**ABOUT THIS TASK**
Only the lines containing the string "Sweater" are needed; copy all of them from the listing.

**TASK DATA**

• • • •

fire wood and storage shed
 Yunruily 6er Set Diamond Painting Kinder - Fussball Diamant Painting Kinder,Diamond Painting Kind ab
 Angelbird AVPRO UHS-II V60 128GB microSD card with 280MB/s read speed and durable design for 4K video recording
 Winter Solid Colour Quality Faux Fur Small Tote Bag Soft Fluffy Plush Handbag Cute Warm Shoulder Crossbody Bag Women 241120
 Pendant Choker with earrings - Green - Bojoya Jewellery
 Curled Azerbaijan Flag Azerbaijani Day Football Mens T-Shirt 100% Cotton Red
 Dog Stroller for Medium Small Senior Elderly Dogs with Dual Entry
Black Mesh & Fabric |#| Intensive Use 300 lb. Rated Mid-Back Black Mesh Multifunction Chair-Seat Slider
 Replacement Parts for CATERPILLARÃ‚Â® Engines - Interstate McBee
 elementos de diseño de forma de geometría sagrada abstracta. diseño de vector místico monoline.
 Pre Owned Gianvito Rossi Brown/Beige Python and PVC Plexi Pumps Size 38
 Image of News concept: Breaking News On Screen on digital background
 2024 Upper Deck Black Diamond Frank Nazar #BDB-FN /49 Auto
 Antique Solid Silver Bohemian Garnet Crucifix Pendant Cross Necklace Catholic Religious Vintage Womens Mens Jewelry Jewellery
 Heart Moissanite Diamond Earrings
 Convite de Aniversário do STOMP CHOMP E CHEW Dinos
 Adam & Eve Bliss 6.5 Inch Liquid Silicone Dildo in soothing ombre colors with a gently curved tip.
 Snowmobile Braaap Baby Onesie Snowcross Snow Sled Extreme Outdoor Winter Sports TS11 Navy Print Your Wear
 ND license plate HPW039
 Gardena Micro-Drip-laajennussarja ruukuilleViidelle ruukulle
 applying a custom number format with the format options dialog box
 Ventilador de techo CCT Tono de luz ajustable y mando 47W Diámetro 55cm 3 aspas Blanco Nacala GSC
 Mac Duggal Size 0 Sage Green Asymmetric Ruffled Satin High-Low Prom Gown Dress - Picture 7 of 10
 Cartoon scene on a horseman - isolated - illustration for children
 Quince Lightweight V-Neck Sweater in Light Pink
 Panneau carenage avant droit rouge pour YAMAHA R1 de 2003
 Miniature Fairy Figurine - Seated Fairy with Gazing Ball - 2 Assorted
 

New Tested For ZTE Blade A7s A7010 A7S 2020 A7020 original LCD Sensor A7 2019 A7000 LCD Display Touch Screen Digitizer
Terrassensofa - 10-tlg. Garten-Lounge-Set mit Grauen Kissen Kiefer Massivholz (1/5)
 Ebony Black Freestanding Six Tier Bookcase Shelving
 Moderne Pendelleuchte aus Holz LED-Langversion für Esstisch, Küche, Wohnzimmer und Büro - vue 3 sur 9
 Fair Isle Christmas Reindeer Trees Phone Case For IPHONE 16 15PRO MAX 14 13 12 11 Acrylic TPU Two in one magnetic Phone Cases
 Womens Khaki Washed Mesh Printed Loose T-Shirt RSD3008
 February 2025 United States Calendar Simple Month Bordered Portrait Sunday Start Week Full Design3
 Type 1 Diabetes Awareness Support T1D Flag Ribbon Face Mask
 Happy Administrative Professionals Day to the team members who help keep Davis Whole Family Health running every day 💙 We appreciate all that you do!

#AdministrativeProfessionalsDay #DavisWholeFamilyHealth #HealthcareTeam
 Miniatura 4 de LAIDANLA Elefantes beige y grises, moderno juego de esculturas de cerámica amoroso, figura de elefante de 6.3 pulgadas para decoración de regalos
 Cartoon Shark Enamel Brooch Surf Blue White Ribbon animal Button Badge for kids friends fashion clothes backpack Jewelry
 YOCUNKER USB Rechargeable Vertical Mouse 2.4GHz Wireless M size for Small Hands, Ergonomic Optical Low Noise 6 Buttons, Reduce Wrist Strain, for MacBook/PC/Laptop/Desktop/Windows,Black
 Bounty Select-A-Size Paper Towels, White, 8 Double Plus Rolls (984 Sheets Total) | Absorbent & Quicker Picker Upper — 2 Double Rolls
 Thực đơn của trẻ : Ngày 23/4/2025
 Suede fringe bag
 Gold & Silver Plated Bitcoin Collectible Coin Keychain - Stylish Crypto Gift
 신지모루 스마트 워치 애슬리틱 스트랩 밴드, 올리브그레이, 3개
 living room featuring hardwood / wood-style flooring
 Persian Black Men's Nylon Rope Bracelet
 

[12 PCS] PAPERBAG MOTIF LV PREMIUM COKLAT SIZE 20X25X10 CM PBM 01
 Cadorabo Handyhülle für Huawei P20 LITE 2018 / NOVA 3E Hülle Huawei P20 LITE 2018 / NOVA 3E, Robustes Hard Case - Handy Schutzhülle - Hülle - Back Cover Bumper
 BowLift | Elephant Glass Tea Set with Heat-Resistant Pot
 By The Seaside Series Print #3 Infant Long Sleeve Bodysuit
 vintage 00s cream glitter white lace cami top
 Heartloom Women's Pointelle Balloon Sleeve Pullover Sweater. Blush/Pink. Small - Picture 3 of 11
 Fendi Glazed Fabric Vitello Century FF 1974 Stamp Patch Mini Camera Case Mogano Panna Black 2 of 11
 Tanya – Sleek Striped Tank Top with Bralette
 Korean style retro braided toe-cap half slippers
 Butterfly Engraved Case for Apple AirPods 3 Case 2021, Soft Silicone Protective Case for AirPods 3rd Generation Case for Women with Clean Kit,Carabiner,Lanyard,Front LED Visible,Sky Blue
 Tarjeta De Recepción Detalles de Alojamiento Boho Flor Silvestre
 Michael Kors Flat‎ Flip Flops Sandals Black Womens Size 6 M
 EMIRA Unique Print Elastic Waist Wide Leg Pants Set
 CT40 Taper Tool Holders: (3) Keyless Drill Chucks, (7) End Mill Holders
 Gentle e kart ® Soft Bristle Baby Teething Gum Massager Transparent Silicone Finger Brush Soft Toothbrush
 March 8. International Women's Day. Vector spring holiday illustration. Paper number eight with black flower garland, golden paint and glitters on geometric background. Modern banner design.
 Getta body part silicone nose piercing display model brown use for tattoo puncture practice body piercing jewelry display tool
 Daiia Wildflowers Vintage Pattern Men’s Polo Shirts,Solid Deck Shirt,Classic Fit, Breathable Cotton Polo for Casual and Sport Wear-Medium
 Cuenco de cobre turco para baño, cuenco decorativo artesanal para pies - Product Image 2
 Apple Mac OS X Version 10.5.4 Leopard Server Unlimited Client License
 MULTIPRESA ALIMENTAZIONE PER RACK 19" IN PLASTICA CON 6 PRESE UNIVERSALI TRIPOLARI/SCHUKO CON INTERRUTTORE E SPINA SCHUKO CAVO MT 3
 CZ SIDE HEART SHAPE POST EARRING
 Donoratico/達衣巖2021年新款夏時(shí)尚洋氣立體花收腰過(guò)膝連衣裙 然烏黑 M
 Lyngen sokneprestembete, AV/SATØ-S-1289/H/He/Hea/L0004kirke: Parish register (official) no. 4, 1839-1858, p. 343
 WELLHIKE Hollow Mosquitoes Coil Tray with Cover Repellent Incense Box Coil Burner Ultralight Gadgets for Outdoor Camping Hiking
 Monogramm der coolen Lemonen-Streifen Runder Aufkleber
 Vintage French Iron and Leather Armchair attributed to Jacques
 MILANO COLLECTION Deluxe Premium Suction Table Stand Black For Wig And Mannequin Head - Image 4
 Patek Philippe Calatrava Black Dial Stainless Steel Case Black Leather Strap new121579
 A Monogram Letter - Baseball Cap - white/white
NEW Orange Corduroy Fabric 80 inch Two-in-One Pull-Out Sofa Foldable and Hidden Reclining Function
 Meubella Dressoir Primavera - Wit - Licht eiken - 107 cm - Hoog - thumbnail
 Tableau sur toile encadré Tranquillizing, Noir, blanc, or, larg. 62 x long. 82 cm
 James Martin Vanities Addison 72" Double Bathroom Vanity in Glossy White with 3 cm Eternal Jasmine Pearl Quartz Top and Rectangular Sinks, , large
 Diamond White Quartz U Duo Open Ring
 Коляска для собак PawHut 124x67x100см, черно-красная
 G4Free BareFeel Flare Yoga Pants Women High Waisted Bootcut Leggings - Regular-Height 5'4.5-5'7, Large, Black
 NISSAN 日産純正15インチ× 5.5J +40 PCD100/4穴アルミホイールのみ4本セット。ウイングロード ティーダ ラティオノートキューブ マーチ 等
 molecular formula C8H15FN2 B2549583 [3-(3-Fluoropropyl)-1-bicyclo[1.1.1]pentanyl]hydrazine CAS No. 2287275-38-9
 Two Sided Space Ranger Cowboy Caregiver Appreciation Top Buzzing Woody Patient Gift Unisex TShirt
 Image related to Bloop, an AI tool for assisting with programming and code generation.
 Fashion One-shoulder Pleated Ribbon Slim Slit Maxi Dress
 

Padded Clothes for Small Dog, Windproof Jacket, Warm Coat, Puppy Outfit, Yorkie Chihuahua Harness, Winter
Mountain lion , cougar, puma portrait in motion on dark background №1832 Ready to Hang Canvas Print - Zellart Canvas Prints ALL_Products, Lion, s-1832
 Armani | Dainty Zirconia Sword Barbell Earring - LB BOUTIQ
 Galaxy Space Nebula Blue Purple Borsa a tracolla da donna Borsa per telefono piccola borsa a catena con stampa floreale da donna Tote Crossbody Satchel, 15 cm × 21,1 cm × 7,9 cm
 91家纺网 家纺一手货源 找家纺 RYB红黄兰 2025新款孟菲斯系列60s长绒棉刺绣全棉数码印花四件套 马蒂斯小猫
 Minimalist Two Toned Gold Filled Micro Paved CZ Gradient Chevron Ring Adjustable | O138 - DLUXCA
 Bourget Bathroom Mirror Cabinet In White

• • • •

**REPLY**
 Quince Lightweight V-Neck Sweater in Light Pink
 Heartloom Women's Pointelle Balloon Sleeve Pullover Sweater. Blush/Pink. Small - Picture 3 of 11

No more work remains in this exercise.